→ **Raw data**:
================

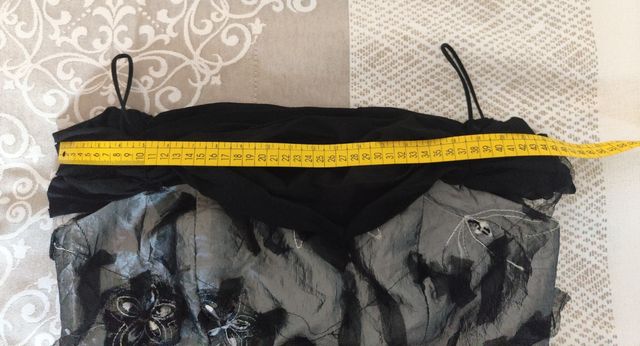 VESTIDO. VICTORIA ESTEPA. TALLA G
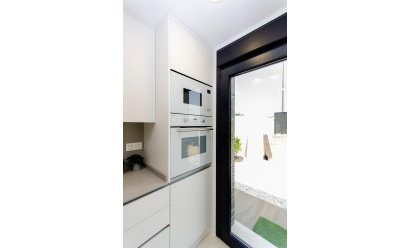 Obra nueva - Villa -
Orihuela - Vistabella Golf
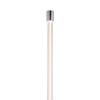 Motif 14-in Chrome LED Wall Sconce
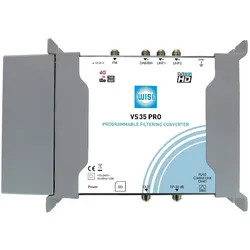Wisi Filter-Verstärker VS 35 PRO HP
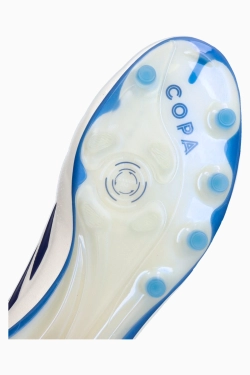 Бутсы adidas Copa Pure 4 Elite LL AG - белый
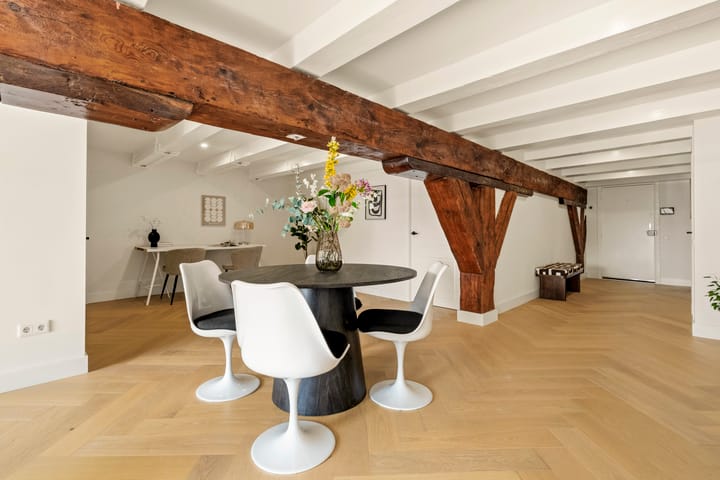 Appartement te koop: Spuistraat 6-5V, Amsterdam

================

→ **To do**: Reproduce, word for word, the lines from the one containing "Obra nueva - Villa" through the final line above. Leave every picture out.

→ **Your response**:
 Obra nueva - Villa -
Orihuela - Vistabella Golf
 Motif 14-in Chrome LED Wall Sconce
Wisi Filter-Verstärker VS 35 PRO HP
 Бутсы adidas Copa Pure 4 Elite LL AG - белый
 Appartement te koop: Spuistraat 6-5V, Amsterdam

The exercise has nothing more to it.